- [What this task involves]: Copy, word for word, the lines of the entries below between the one with "thumbnail image 4" and the one with "pipe of banknotes", inclusive, and leave out everything else.

- [Task inputs]:
↓↓↓
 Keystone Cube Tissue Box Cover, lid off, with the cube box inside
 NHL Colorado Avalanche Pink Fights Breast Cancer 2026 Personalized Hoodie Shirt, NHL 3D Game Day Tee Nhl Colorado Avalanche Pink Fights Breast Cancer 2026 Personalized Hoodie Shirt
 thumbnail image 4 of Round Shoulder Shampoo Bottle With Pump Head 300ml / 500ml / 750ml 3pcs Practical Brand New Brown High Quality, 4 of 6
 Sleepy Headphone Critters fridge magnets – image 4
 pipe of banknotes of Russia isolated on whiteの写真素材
↑↑↑
↓↓↓
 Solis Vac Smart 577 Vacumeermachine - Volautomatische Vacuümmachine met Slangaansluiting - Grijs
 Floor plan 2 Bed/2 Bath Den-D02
↑↑↑
↓↓↓
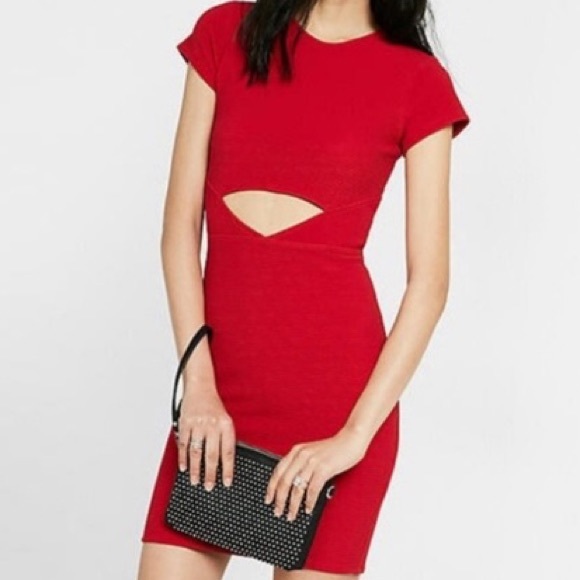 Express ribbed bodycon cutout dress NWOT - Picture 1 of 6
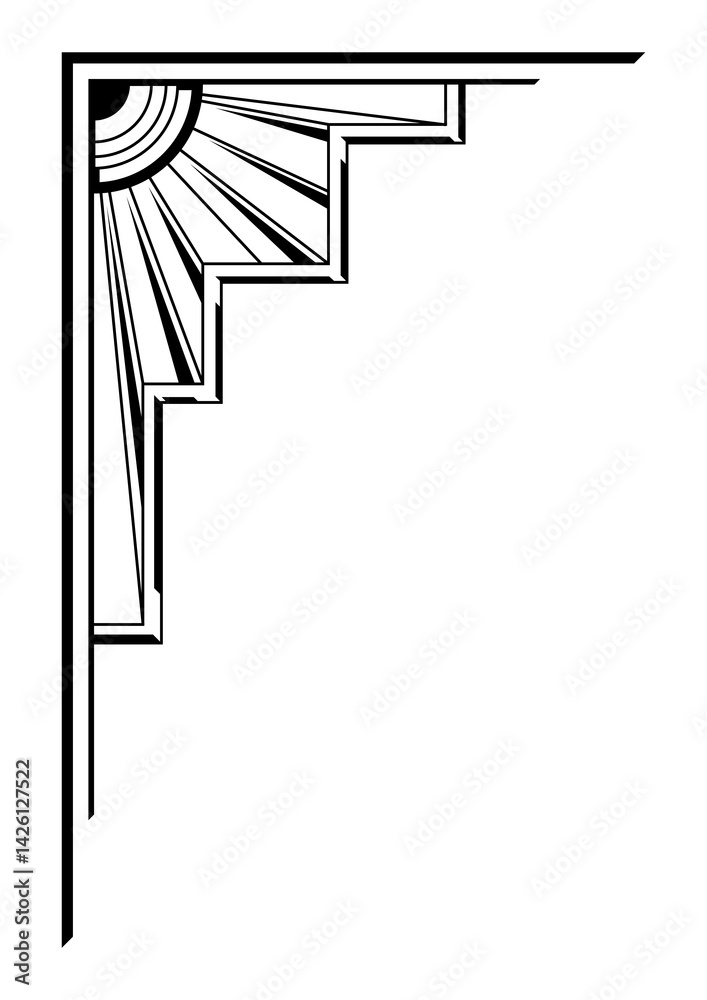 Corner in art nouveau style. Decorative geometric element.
↑↑↑
- [Written solution]:
 thumbnail image 4 of Round Shoulder Shampoo Bottle With Pump Head 300ml / 500ml / 750ml 3pcs Practical Brand New Brown High Quality, 4 of 6
 Sleepy Headphone Critters fridge magnets – image 4
 pipe of banknotes of Russia isolated on whiteの写真素材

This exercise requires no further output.